» **WHAT TO PRODUCE**:
Return only the lines from the one that contains "Mortal Kombat Arcade" through the last line of the records below, exactly as they stand. Pictures are not part of the copy.

» **EXTRACTED INFORMATION**:
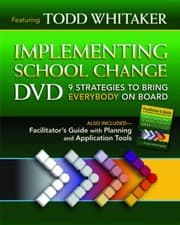 Tapa de Implementing School Change DVD and Facilitators Guide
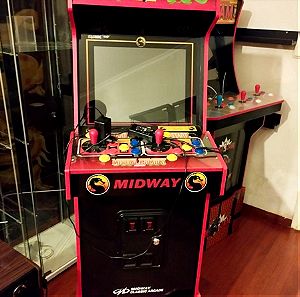Mortal Kombat Arcade Game Arcade1Up Midway Legacy 30th Anniversary Edition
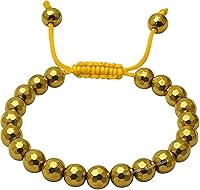 Vista 9 de Amazing Gemstone Crystal Bracelet for Women Men's Gifts - Protection Healing Crystal Bracelet - 8mm Gemstone Beaded Adjustable Bracelet Pulseras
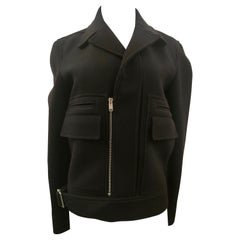 Balenciaga black wool jacket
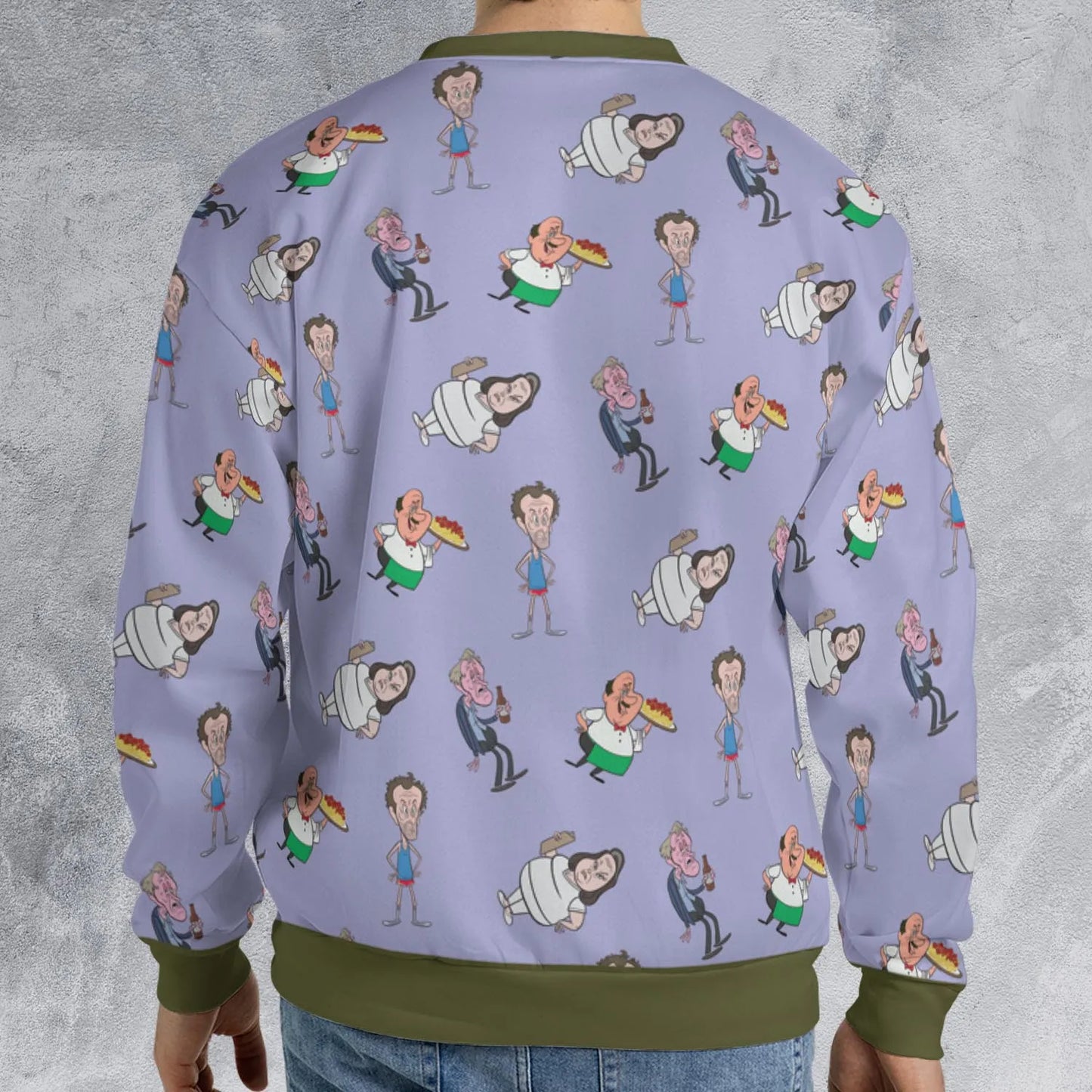 All-over Print Sweatshirt - C6GSZAHZ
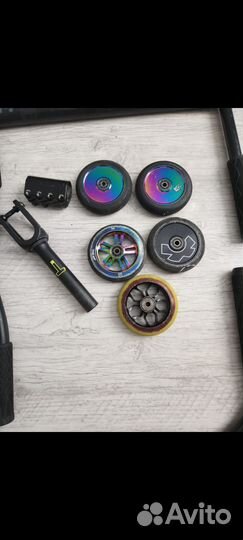 Детали для трюкового самоката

» **OUTPUT FOR THIS EXERCISE**:
Mortal Kombat Arcade Game Arcade1Up Midway Legacy 30th Anniversary Edition
 Vista 9 de Amazing Gemstone Crystal Bracelet for Women Men's Gifts - Protection Healing Crystal Bracelet - 8mm Gemstone Beaded Adjustable Bracelet Pulseras
 Balenciaga black wool jacket
 All-over Print Sweatshirt - C6GSZAHZ
 Детали для трюкового самоката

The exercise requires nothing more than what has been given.